Williams is the son of Polk County pioneers James J. and Alice Williams, who arrived in the Oregon in 1845, according to a 1932 article archived at the Polk County Museum. Walter Williams was born in 1873 in a home 2 miles south of Airlie, but his family soon moved to Dallas when his father was elected Polk County sheriff.

Walter Williams married Miss Pauline Frances Gaynor in 1900. Williams formed a confectionery business with C.A. Dunn in 1899. In 1907, he began working for Dallas National Bank, and a year later established Falls City Bank with his brother Ralph. Two years later, he returned to Dallas National Bank and stayed on as cashier until the bank was purchased by the Dallas City Bank in 1934. He retired after the sale.

Woods’ house on Court Street in Dallas was built in 1912, so much of what he found in the biscuit box predates construction, which only adds to the mystery of how it got there. On that point, Woods can only speculate. He’s learned since finding the box that the family owned several properties in the area.

He said the Polk County Historical Society has been more than helpful in finding information about the family.

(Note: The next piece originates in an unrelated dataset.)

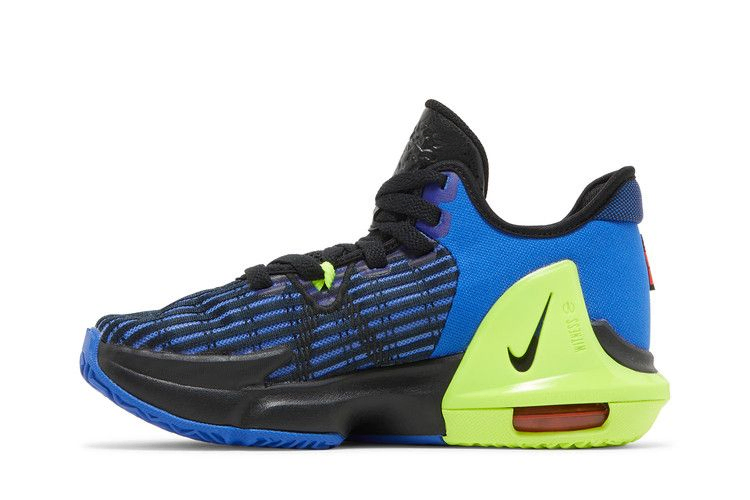Кроссовки Nike LeBron Witness 6 GS 'Hyper Royal Bright Crimson'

“I almost think it’s like a kid’s treasures, because some of this stuff is like what a kid would stash away,” Woods said. “Like a ton of skeleton keys and little knick-knacks.”

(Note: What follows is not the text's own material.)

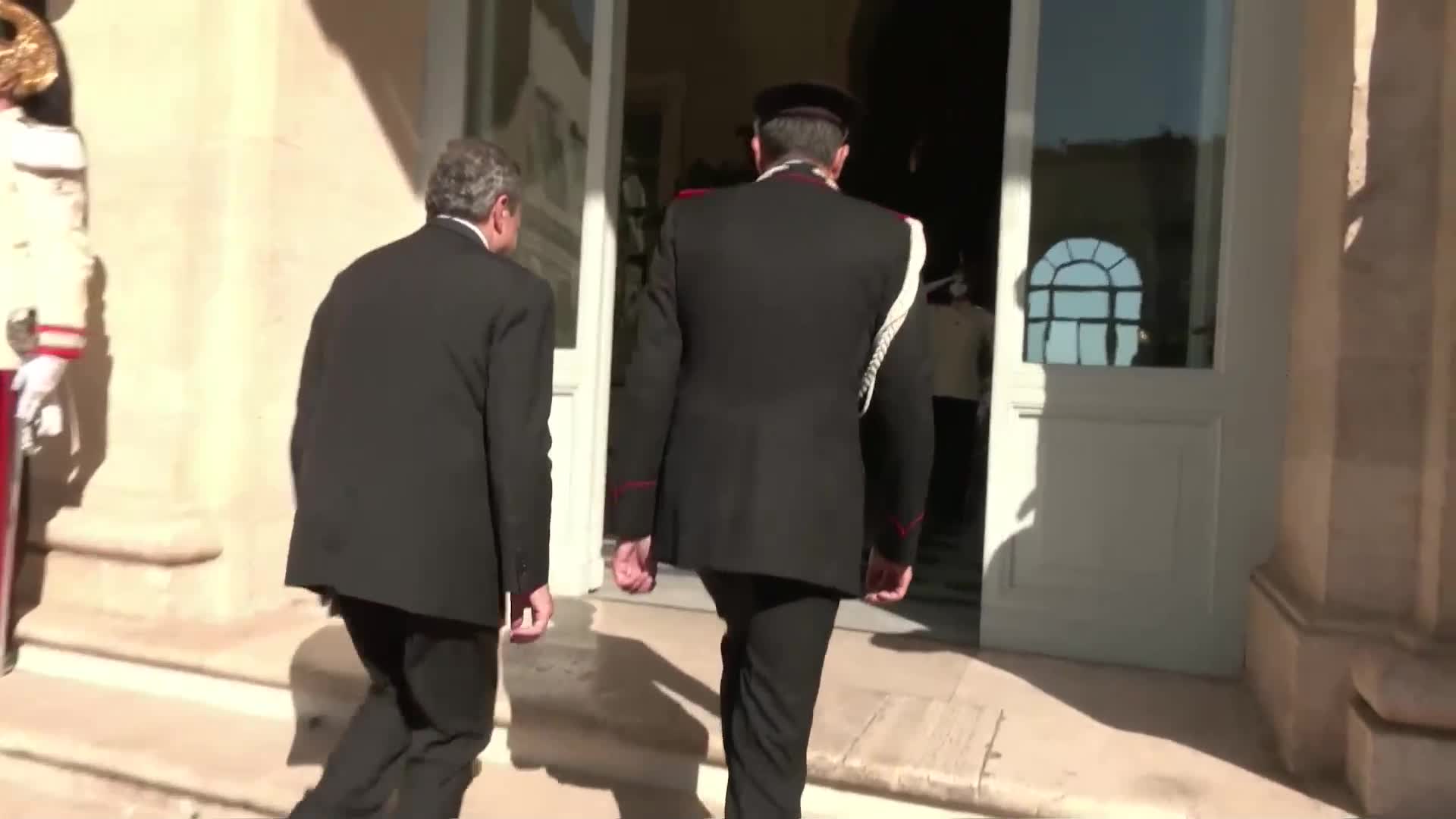 Марио Драги си отива, президентът прие оставката му (ВИДЕО)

Williams and Dunn were Oregonian newspaper dealers, and Woods said one of the more interesting finds is a ledger of subscribers.

“This is cool because the Oregonian index, which I’m guessing is their subscriber list to the Oregonian newspaper,” he said. “There’s a lot of classic Dallas names. I posted a couple (on Facebook), like Hayter and Dalton.”

Woods said his detective work, with the assistance of the Polk County Museum, has been fun and fascinating.

“They were pretty successful. There’s a whole thing about them going to Egypt and taking a tour of the world for three months,” he said. “Stuff that people wouldn’t write an article about now.”

For now, Woods said he’s going to keep the contents together.

“I’ve had a few people ask me about buying a few things. I will probably keep it at the house for now,” he said. “It’s way too cool to piece out and sell, because nothing is really valuable by itself. It’s more of the historical factor. I would much rather keep it all together.”